Pamela Constable in The Washington Post:

BookBy her own admission, Humaira Awais Shahid grew up in a rarefied atmosphere of privilege and freedom. Born in 1971 and raised far from her native Pakistan, she was encouraged to think for herself and study Western literature, while remaining largely ignorant of the cruel constraints that entrapped many women in her impoverished Muslim homeland. In her 20s, Shahid returned home to a “tidy, privileged corner” of Pakistan’s insular upper-class society. Harboring vague notions of defying convention and helping people, she shrugged off pressure for an arranged marriage, fell in love with the scion of a newspaper family and decided to take up journalism.
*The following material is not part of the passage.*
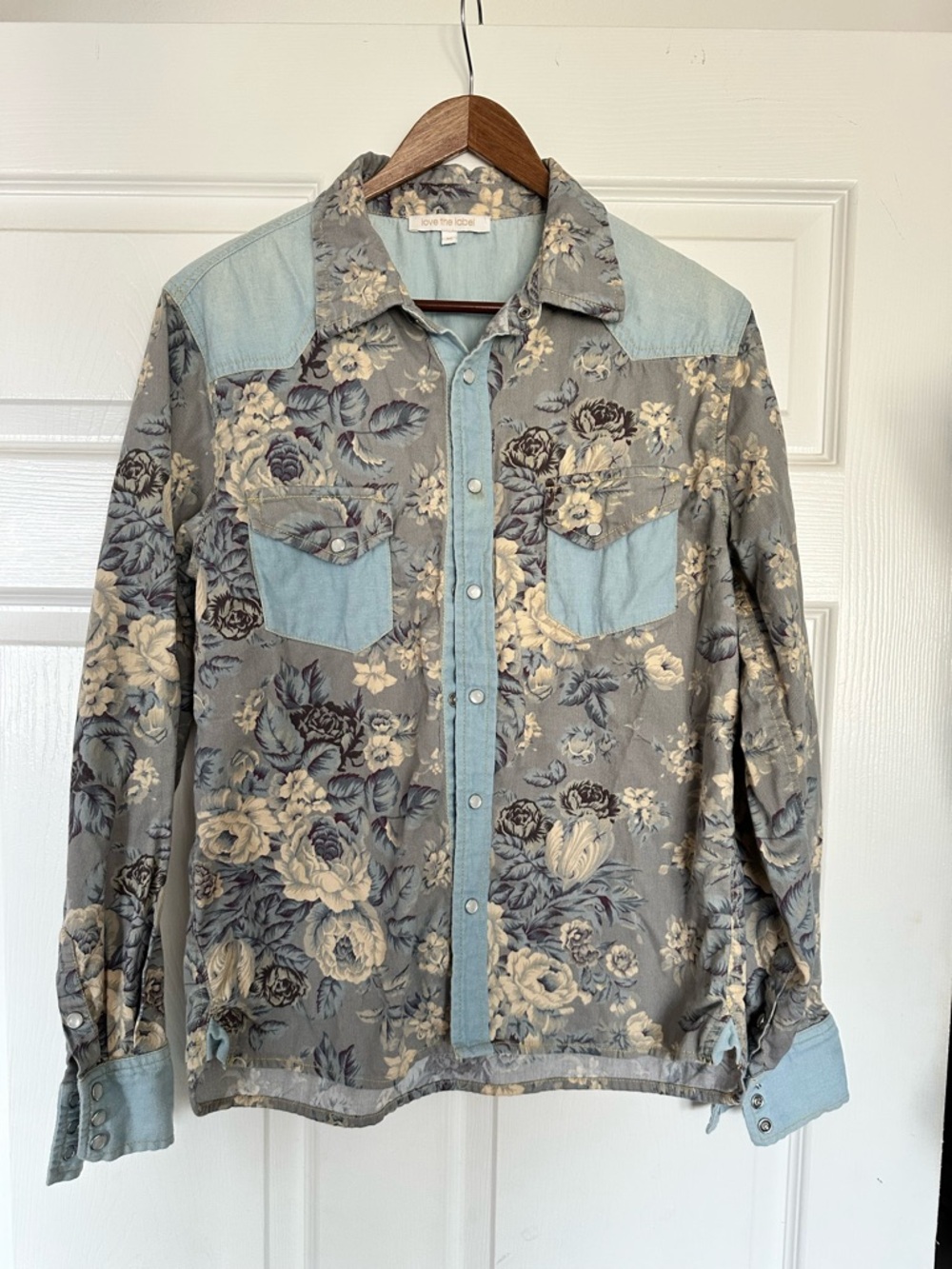 Floral Western-Style Button-Up Jacket - Light Blue & Gray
Only then did her true education begin.

First came an appeal to the newspaper’s hotline from a poor man whose daughter had been raped. Shahid, rushing to assist, was coldly rebuffed by village elders who decreed that the victim must marry her rapist. It was a typical verdict in Pakistan’s tribal justice system, where such crimes are viewed through a prism of family honor and community peace, and where the state organs of law and justice rarely interfere. “You from the city need to understand some basic facts about village life,” one elder explained. “If we don’t marry her to the man who assaulted her . . . she will elope with another. That will bring more shame on the community and could incite a bloodbath.” Shahid withdrew in defeat, while the victim sobbed hopelessly in a dark hut. From this incident the author plunges into an account of her furious, often frustrated campaign for women’s rights in a conservative, patriarchal society of 180 million — and “Devotion and Defiance” becomes a book worth reading.